2  I've heard my dad, who grew up Protestant, call the Cincinnati public schools he went to "the Protestant school system." Personally, I remember being taught in public schools that America was great because of the Protestant work ethic (which later morphed into the Christian and then Judeo-Christian work ethic).

3  It is the conundrum a public school system must face. Impoverished areas have poorer school systems. Parents who care and perceive their kids as superior and deserving every break they can get (the way every good parent should think) want to get their children out of these schools and private schools look awful tempting if they can get into them (usually - in the absence of a voucher system - through some sort of scholarship).  Of course, this siphons off the best students in these systems and makes them even worse.

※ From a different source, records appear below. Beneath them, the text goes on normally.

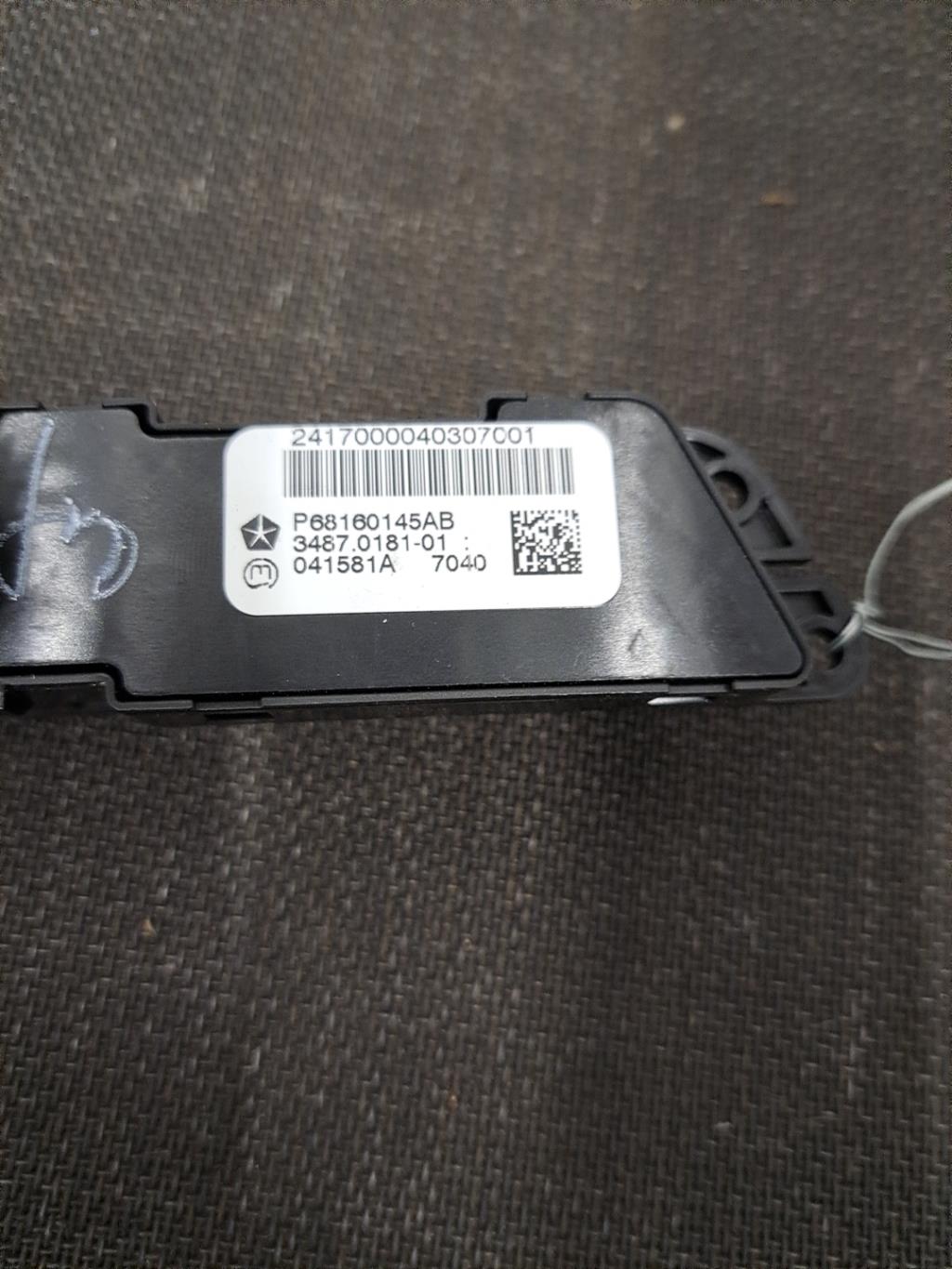Bouton de warning JEEP CHEROKEE 4 Diesel - 1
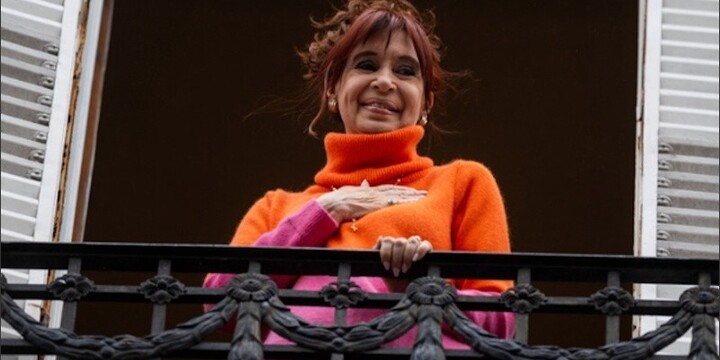 La exmandataria tiene 72 años y lleva más de una semana internada. La exmandataria tiene 72 años y lleva más de una semana internada.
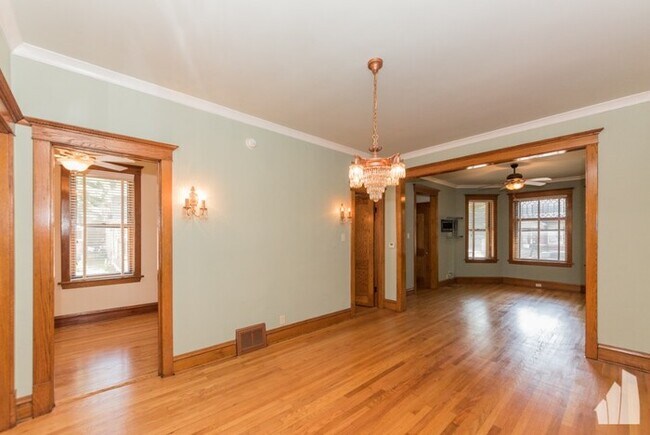Foto del edificio - 3710 N Damen Ave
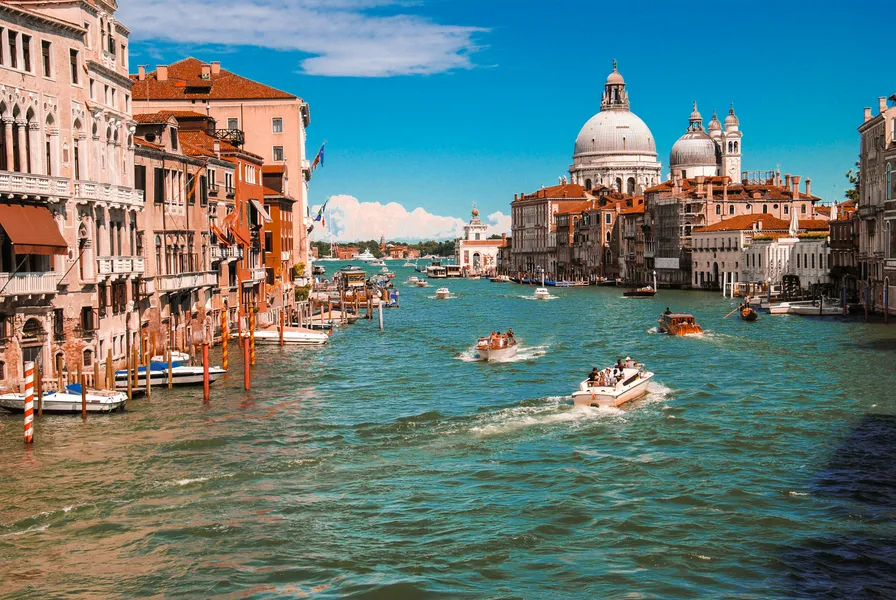 Venetian Waterway Charm — 300-piece jigsaw puzzle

And yet, if public school systems try to shift resources to the impoverished areas, middle class parents and higher - a great number of whom have the money to transfer their kids to private schooling - will react. They are fighting to ensure their kids have the skills to maintain their position in society and possibly rise higher. Allocate resources away from their children and they will either (a) somehow force them back, or (b) take steps to help their children compete - including moving them to private schools. The problem is that these people have enough influence with legislatures that where they go thus goes their tax money thru tax credits, or neutralizing of funding, or vouchers. This is where the rubber meets the road. People will say all sorts of high principled things and believe they mean them right up until you start doing things they perceive as harming their children. Then they become remarkably intransigent and provincial.

4  Personally, I think that governmental funding that went to private schools (by whatever means) might well be a boon to private non-religious schools. Currently, religious based schools have external means of funding and thus can survive better without even the neutrally available funds they could get without governmental barriers. Non-religious schools do not and therefore, logically, have a higher chance of failure from lack of funding.

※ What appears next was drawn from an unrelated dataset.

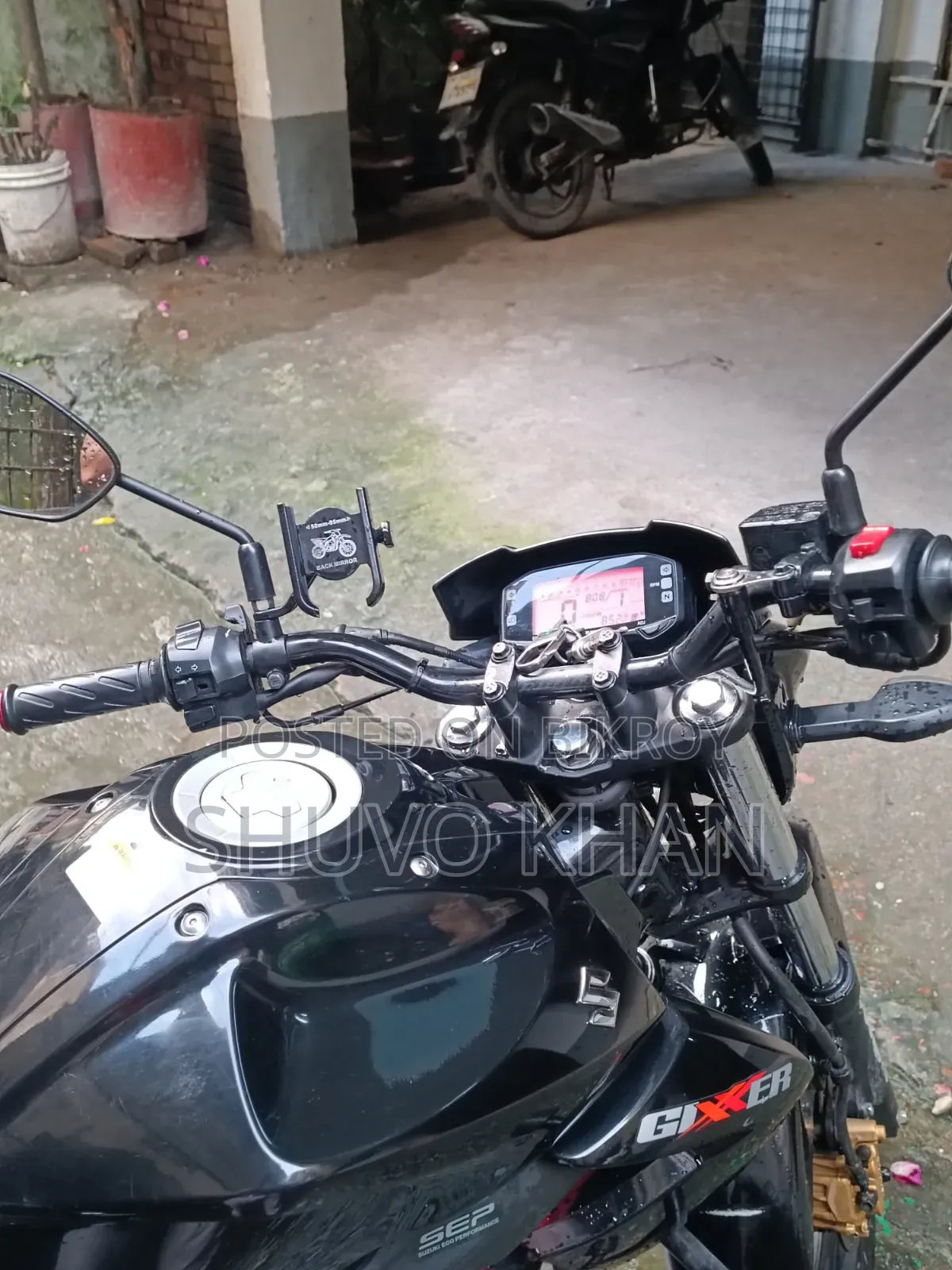 সুজুকি জিক্সার ২০২৩ ব্ল্যাক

5  In fairness to the Montana Supreme Court, every appellate court works under some sort of presumption that its statutes and State constitution are valid under the federal constitution and this decision is a fair application of the Montana State constitution if you assume that the Blaine amendment isn't anti-Catholic in purpose and anti-religious in affect.

6  And more power to them. While I worry about the heat that rubber might gather, the gravel underneath playground equipment sucks. It's there to keep the ground from getting muddy and it's a trade off with kids getting cuts and scratches instead of getting their clothes messy. I remember a particularly nasty misadventure in my own misbegotten youth (second grade, Northern Elementary) involving a slide, gravel at the bottom, and the slathering of iodine on my knee in the Principal's office. I'm not sure which hurt worse, the gravel or the iodine.